One lawmaker pointed to the GOP tax-cut bill debate.
Some of the millennial members stood up and pitched the idea of creating a calculator for social media to demonstrate how people would stand to benefit from the legislation, which was still being debated at the time
“We were asking for that for a while. Nothing was heeded. And now, you go to the IRS website, and what do they have? An IRS calculator,” the lawmaker said. “And we take a beating for three months over the ‘tax scam.’ If we had done this on the front end, it would have spread like wildfire.”
Unlike the Democratic party, the House GOP has term limits for chairmanships, which has helped younger Republicans rise through the ranks more quickly.
But there is frustration among rank-and-file members about how much power Republican leadership has in the decision-making process.
“We've been frustrated that the boomers will get together and make the decisions and then come to the millennials and say, 'What's your advice on how we can message this,' ” Gaetz said. “That's like salting the gumbo at the end instead of salting it when you're cooking it.”

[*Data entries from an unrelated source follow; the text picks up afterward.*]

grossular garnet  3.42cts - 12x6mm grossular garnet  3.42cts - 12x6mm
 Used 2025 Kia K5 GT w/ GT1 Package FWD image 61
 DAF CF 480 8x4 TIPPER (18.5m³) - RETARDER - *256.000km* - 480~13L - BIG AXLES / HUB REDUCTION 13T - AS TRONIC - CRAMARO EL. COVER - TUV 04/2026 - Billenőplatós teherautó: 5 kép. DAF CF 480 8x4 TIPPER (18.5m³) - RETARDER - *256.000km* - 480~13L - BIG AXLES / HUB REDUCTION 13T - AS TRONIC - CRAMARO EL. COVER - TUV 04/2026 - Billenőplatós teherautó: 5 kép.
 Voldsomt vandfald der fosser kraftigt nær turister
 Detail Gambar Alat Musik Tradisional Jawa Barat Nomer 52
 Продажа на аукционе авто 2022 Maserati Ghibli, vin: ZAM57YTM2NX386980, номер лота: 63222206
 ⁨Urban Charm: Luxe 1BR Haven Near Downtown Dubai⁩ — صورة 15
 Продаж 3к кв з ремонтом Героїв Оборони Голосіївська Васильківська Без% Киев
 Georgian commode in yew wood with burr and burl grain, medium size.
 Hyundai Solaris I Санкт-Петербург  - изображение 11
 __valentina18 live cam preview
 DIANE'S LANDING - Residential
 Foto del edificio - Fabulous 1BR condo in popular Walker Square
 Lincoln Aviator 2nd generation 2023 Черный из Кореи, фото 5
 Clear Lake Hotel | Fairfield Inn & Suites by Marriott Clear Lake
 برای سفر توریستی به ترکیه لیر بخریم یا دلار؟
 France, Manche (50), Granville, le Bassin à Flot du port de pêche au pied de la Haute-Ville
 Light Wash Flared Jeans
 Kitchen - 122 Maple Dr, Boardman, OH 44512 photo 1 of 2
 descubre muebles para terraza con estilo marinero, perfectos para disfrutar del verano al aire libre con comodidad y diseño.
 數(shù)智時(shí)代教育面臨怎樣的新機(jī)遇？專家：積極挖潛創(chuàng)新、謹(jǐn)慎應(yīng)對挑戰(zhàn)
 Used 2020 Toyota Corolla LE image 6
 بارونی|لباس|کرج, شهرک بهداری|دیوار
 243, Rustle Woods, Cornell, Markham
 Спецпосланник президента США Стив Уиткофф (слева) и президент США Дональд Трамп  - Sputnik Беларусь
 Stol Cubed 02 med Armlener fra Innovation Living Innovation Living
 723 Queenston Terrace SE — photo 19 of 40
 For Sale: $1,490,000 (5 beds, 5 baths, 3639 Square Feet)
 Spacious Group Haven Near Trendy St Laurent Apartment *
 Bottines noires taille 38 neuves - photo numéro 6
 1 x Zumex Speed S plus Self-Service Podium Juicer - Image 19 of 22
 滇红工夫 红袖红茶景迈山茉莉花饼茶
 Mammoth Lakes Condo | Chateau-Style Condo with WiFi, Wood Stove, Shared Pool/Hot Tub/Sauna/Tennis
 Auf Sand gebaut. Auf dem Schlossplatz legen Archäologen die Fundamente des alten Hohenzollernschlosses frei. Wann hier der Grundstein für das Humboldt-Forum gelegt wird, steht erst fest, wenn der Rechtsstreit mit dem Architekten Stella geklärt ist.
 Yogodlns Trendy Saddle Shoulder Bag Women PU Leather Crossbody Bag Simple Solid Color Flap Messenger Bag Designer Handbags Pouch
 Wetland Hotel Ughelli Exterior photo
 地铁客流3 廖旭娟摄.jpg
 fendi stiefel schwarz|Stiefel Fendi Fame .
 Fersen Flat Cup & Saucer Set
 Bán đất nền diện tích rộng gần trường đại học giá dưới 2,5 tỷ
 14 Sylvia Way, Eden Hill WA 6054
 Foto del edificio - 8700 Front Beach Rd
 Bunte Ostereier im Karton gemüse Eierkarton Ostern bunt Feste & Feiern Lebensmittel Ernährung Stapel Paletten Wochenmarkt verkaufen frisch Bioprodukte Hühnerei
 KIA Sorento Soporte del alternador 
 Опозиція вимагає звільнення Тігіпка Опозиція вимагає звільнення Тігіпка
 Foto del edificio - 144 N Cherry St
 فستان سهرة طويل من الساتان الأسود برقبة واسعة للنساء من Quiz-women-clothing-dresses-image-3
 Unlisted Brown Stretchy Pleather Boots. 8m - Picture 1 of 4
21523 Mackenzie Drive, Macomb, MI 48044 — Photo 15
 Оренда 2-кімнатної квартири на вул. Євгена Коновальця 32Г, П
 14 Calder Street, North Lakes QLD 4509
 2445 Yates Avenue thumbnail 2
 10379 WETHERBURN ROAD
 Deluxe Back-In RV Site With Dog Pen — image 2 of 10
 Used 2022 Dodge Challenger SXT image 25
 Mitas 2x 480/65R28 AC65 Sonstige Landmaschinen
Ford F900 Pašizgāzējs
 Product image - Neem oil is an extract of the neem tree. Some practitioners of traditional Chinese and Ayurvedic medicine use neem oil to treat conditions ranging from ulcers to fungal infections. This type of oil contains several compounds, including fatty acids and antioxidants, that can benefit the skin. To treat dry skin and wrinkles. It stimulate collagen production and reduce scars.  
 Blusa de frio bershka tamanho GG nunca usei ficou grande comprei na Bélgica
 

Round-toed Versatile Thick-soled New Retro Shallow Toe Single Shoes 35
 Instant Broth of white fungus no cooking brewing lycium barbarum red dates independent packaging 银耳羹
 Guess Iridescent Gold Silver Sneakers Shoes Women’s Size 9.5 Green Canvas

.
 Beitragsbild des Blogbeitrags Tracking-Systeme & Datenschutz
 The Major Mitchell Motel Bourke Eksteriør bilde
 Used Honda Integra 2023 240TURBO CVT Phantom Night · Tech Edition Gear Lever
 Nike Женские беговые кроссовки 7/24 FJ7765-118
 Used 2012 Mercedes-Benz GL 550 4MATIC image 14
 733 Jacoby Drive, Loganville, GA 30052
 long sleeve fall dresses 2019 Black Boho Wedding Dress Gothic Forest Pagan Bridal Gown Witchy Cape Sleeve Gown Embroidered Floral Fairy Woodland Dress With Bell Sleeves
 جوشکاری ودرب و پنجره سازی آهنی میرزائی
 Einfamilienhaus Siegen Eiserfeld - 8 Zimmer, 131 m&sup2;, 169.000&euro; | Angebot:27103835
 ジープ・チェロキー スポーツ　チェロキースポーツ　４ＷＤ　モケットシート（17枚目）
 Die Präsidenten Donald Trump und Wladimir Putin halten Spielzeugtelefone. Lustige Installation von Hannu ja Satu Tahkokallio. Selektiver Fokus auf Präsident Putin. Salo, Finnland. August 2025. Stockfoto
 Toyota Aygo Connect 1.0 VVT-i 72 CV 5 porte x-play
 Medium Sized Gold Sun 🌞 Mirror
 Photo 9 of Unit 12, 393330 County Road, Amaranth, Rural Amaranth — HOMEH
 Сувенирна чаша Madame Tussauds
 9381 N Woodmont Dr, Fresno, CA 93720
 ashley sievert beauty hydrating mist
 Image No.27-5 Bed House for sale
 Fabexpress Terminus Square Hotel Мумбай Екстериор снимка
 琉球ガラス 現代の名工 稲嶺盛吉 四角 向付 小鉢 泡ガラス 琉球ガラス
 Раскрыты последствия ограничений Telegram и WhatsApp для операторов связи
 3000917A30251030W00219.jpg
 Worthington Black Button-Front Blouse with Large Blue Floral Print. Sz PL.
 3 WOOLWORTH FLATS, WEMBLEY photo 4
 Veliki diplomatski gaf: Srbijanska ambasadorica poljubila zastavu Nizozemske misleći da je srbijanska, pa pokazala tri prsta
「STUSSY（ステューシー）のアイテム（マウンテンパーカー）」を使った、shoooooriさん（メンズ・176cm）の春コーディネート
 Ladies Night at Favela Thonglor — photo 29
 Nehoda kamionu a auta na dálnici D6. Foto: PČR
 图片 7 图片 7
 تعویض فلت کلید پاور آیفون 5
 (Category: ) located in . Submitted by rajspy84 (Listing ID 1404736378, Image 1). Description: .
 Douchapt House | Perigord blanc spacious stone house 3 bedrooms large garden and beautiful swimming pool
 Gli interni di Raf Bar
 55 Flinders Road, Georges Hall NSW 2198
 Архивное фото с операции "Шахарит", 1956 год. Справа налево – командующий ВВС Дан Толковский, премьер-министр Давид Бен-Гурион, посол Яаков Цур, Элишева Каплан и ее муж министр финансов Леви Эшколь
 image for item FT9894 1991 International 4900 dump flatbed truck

The group is still figuring out whether there is a young candidate that they could rally behind for a leadership post.
Some young members have their eye on the Republican conference chair — a job that is currently occupied by Rep. Cathy McMorris Rodgers (R-Wash.) and which has a hand in messaging.
Taylor is interested in running for the job, according to one GOP source, though it’s unclear whether he would be willing to challenge McMorris Rodgers for the spot.
Rep. Jason Smith (R-Mo.), who is already a member of leadership as the Republican conference secretary, could also move up the ladder. But the 37-year-old is unlikely to challenge McMorris Rodgers, whom he has worked closely with on the leadership team.
Rep. Elise Stefanik (R-N.Y.) is another name that has been floated as a potential candidate for some type of leadership role, a GOP source told The Hill.
If the young coalition is willing to band together and play hardball in the Speaker’s race, they would have the numbers to block any candidate from securing the gavel if the GOP hangs on to their majority.
Taylor acknowledged it’s “possible” that they could trade their votes for the next Speaker in exchange for a spot in leadership — a tactic that the House Freedom Caucus has tried to use in past leadership battles.
“This is politics, those things happen all the time,” Taylor said.
Gaetz said he believes the group is more focused on pushing younger members to seek higher positions than an attempt to upheave current leadership.
“That's been my challenge, because there's such a culture around here that the way you get into the leadership is you raise money for people, you spend a ton of time on committees,” Gaetz told The Hill, stressing he has no interest in seeking a leadership position.
“And in some ways some of those cultural elements of leadership races are discriminatory against younger people, who haven't been here as long, but still have a meaningful contribution.”